Summit Up 5-20-10
Good morning and welcome to Summit Up, the world’s only daily column staring at an album worth of brown Polaroid photographs.
Images of smiling faces, close embraces and neat places are all covered in blobs of chestnut-brown.
We checked the freshly-opened film packaging to discover a 2001 expiration date.
Unlike Twinkies and Pabst Blue Ribbon, it would appear instant film becomes less appealing with age.
So now we’re trying to find a place that will provide big, plastic, non-eco-friendly cartridges for a camera the size of a toaster.
The batteries still work just fine. The motorized picture-popper-outer still makes that rewarding humming sound as it processes white-framed pieces of memories.
One of these days we’re going to have to use that series of tubes folks call the Internet and find us some more film cartridges.
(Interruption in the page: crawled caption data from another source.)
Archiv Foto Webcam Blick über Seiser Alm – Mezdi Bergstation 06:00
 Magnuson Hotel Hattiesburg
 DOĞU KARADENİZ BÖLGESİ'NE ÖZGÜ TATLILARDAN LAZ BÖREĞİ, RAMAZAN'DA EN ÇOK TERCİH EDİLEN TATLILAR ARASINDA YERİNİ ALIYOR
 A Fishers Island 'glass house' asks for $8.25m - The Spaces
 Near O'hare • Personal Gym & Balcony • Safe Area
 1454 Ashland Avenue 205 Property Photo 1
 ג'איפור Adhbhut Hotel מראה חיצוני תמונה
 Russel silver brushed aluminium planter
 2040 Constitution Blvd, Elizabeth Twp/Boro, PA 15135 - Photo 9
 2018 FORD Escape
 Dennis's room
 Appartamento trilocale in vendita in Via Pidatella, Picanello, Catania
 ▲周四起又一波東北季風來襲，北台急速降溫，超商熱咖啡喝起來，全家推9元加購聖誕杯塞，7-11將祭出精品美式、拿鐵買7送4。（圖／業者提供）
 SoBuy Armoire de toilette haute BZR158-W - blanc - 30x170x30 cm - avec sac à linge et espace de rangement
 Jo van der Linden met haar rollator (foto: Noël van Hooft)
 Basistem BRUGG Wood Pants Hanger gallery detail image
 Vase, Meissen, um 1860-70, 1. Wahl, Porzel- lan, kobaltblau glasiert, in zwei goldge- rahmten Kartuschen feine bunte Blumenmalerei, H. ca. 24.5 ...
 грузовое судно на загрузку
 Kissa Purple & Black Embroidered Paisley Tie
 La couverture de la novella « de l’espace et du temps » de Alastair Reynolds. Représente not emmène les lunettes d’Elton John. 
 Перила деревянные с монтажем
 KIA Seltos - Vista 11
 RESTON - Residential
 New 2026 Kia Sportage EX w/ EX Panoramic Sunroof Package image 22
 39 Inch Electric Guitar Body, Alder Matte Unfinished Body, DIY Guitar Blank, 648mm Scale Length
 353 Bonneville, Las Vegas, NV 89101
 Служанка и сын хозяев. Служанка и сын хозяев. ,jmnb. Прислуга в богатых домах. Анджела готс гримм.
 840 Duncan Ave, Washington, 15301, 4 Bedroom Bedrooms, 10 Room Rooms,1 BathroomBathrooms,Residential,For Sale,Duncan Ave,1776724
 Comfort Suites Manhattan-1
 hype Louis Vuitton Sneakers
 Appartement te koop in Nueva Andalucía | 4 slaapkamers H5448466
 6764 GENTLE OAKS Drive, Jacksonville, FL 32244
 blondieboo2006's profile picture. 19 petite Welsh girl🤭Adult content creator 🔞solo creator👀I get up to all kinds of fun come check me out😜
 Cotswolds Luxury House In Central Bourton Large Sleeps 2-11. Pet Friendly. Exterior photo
The camera uses 600 film, and if you have any non-expired cartridges in your garage or wherever, send ’em in!
We’d pay 10 bucks for one if it meant we could continue using our super awesome camera.
Those new cameras we see at the store are so much lighter and cheaper-feeling.
Our hulking monster could be used for self-defense or narcissism, and we rather fancy both.
Plus, ask our editors: We have a real problem keeping up with those little point-and-shoots.
We have a Smarty Pants Alert!! Smarty Pants Alert!!
The Summit High School International Club has been making waves the past couple years at a statewide competition.
After taking first place at the World Affairs Challenge in Denver last month, they were invited to the Colorado Governor’s Mansion on Tuesday to repeat their presentation for Gov. Ritter and First Lady Jeannie Ritter.
A photo on this page shows some of the students involved; the others include Justin Hollenbeck, Samuel Provorse, Ashley Burke, Elizabeth Luna, Julia Scanlan and Emily Patterson.
Club sponsors include Maria Carrion-Kozak and Molly Griffith. Way to represent Summit County!!
In other news, we’ve got a couple more days to celebrate National Public Works week (May 16-22).
Our communities would be uninhabitable were it not for the quiet dedication of the good public works people keeping our water clean, roads intact, buses moving, parks pretty and bridges passable.
Health, safety and comfort: The public works people maintain these three priorities for our communities and go a hell of a long way toward making them attractive for people from across the planet to come visit.
“Please take the time to recognize Breckenridge Public Works employees and all the hard work they do to make our community a one-of-a-kind mountain town,” Breckenridge Mayor John Warner said in a press release.
It’s Thursday, and we’re saluting our street sweepers.